● DATASET RECORDS
+++
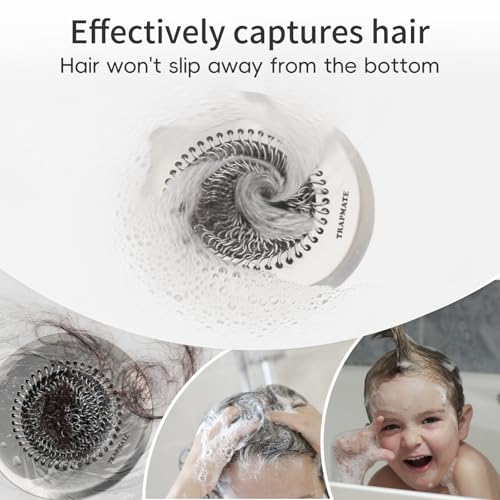 TRAPMATE Shower Drain Hair Catcher, 4.4" Easy Clean Bathtub Drain Hair Catcher, Anti-Slip Bath Tub Drain Protector, Upgraded 304 Stainless Steel Shower Sink Drain Cover for Bathroom (Patented Product) - Image 3
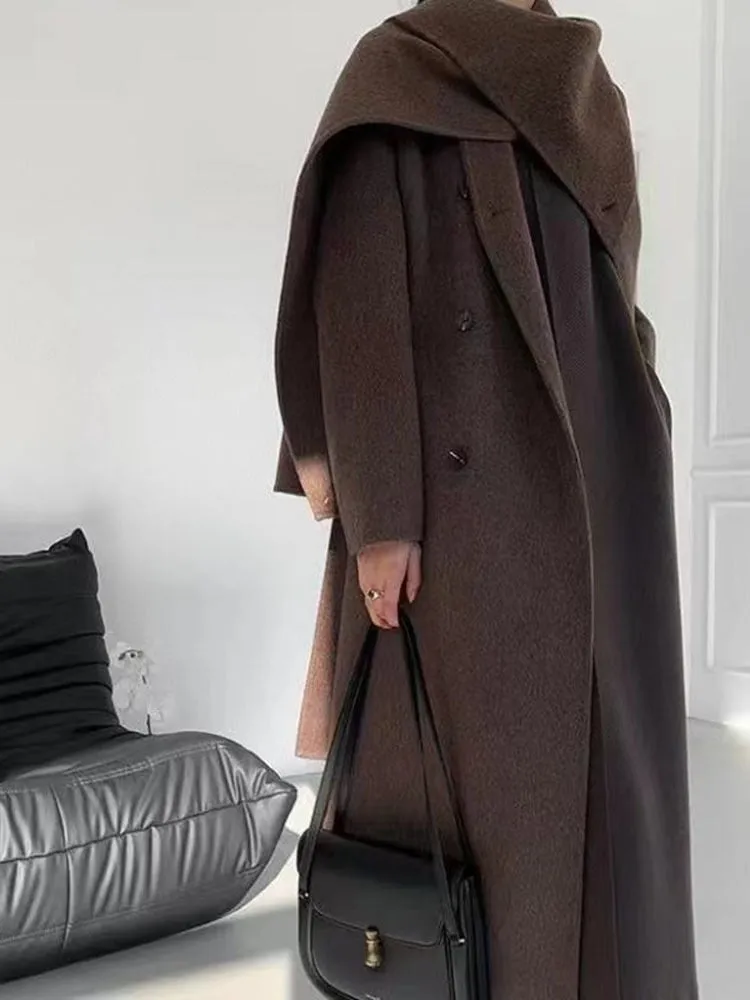 New Shawl Scarf Collar Double-breasted Solid Color Women Double-sided Woolen Belt Coats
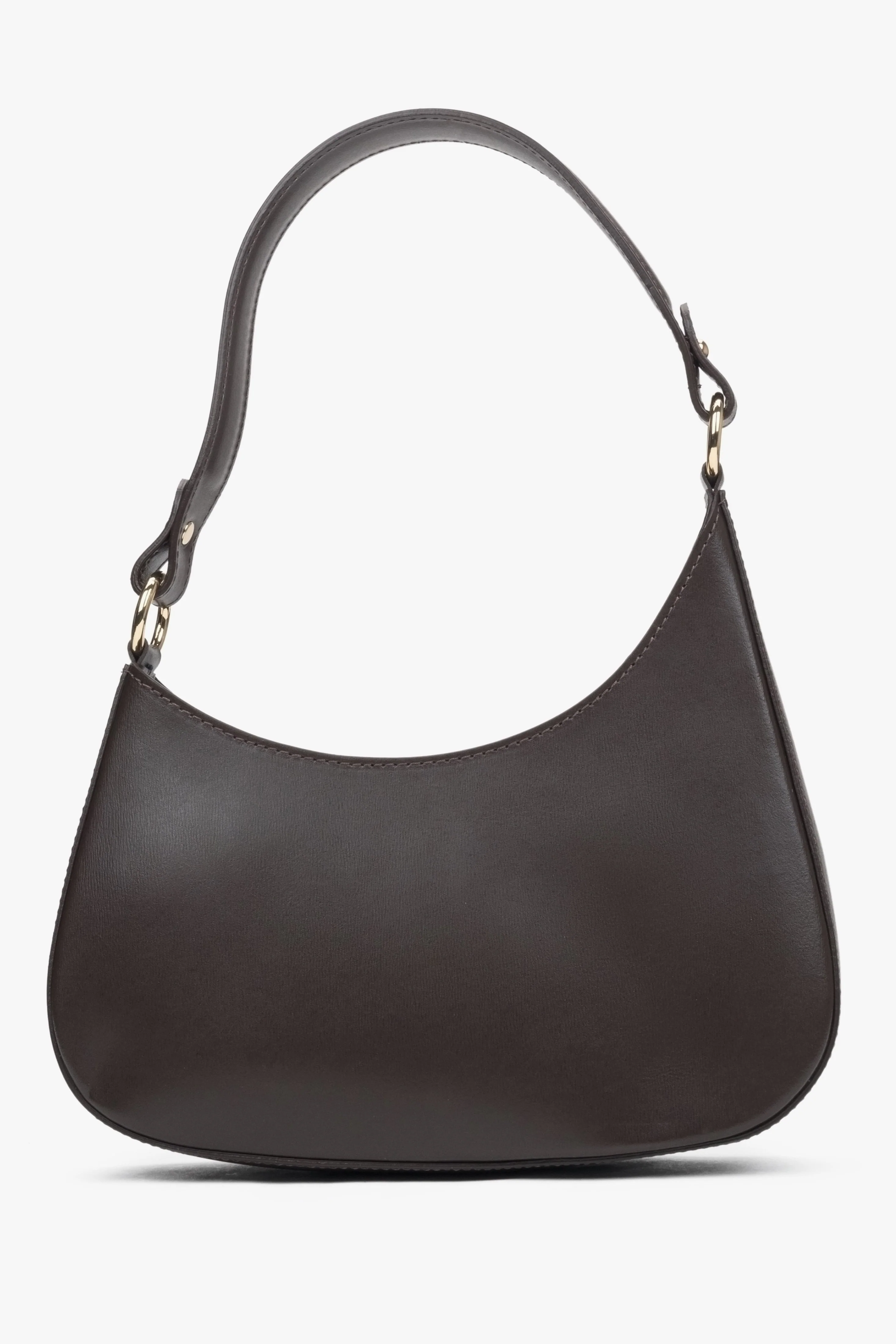 Ciemnobrązowa torebka damska typu shoulder bag z włoskiej skóry naturalnej Premium Estro ER00116375 - Image 5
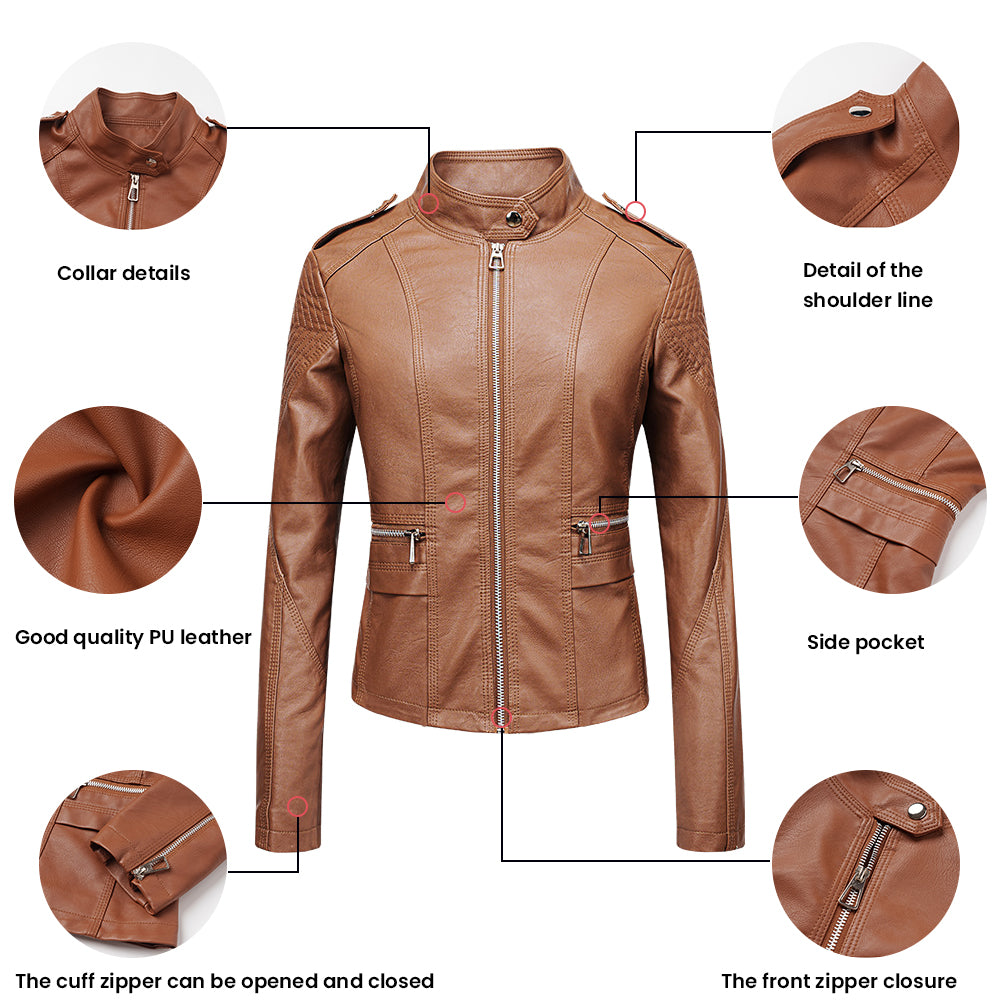 Slim Fit Urban Faux Leather Jacket for women, view 2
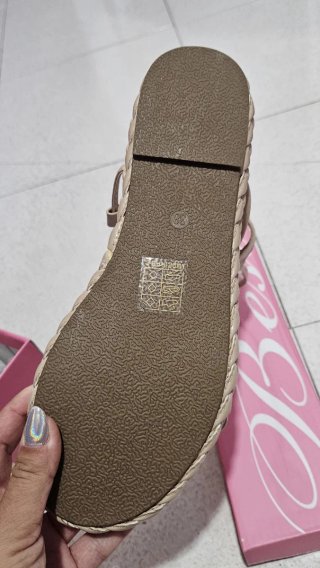 Sandali schiava intrecciati similpelle beige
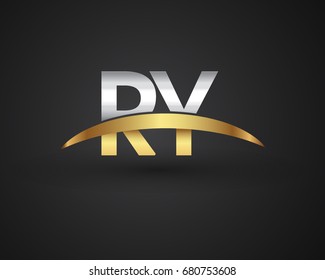 RY initial logo company name colored gold and silver swoosh design. vector logo for business and company identity.
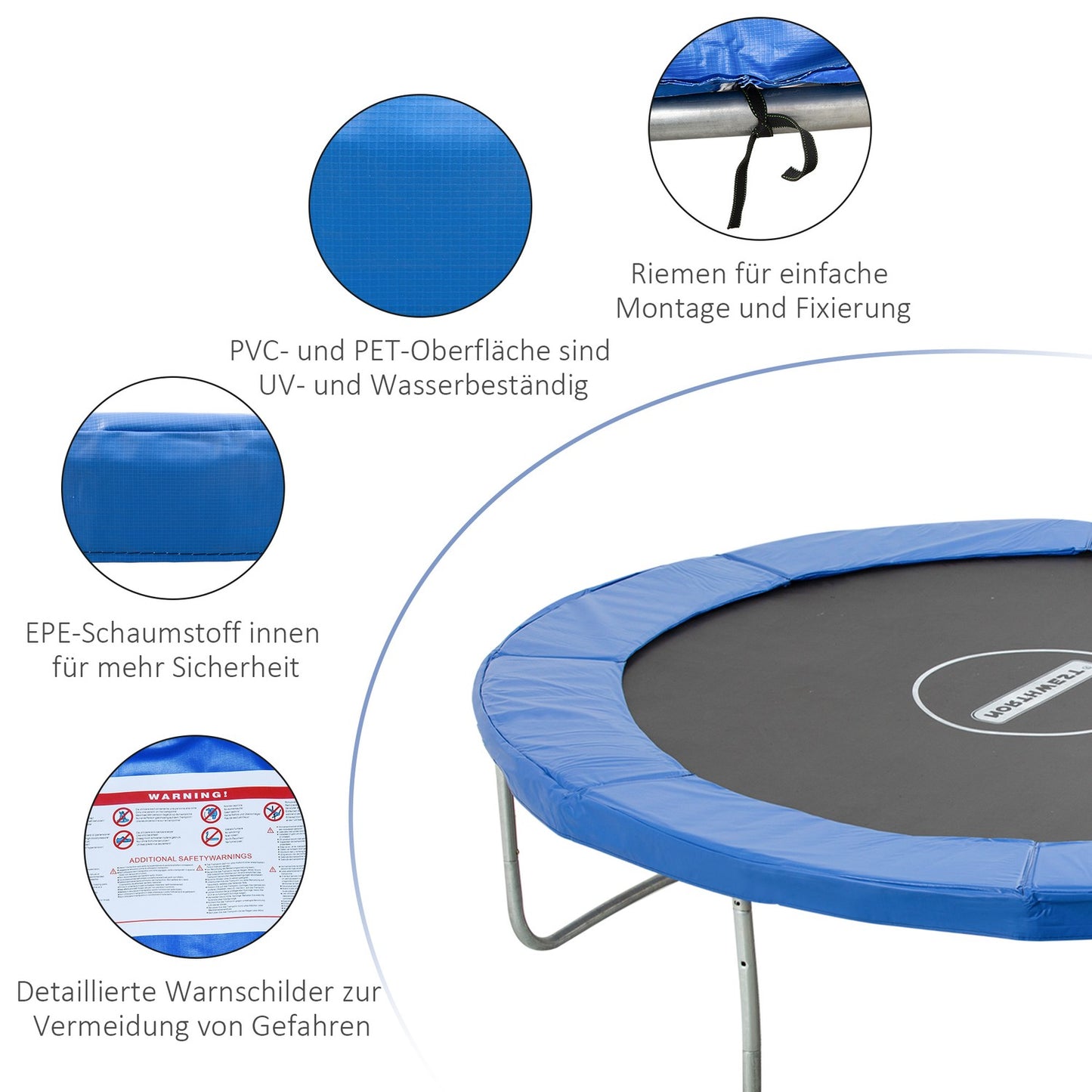 Trampoline Edge Guard & Safety Net, Weather Resistant, 8-15 Ft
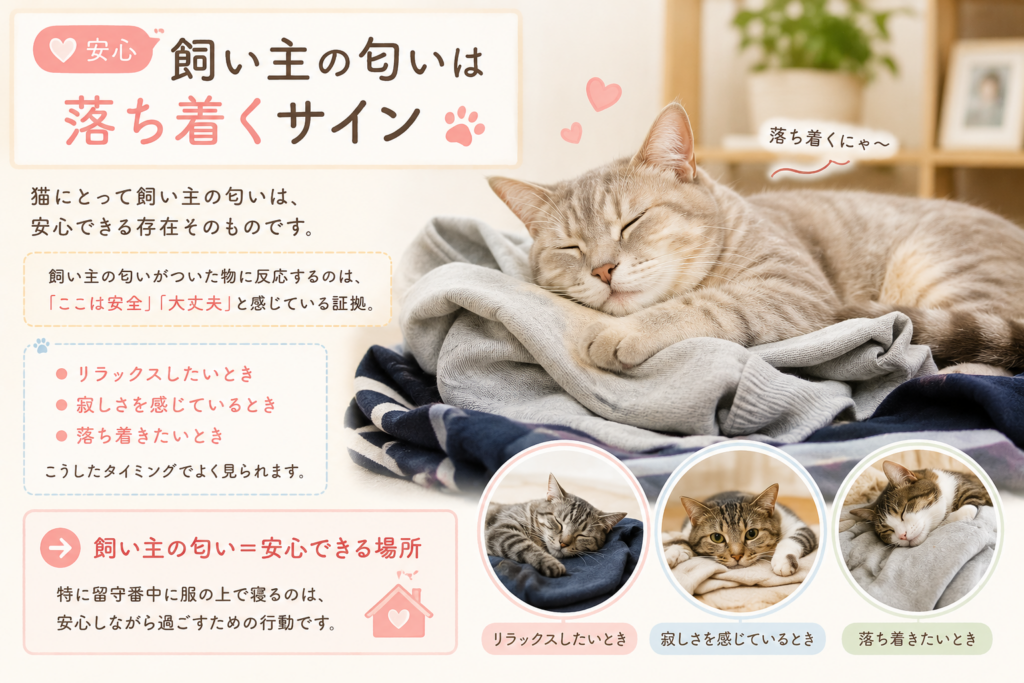 猫が飼い主の匂いで安心する理由を解説したイラスト｜服の上で寝る心理やリラックス行動を紹介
+++
● DIRECTIONS
The lines running from the one with "Sandali schiava intrecciati similpelle beige" to the close of the material above are to be retyped exactly; no picture is to be included.

● EXERCISE SOLUTION
 Sandali schiava intrecciati similpelle beige
 RY initial logo company name colored gold and silver swoosh design. vector logo for business and company identity.
 Trampoline Edge Guard & Safety Net, Weather Resistant, 8-15 Ft
 猫が飼い主の匂いで安心する理由を解説したイラスト｜服の上で寝る心理やリラックス行動を紹介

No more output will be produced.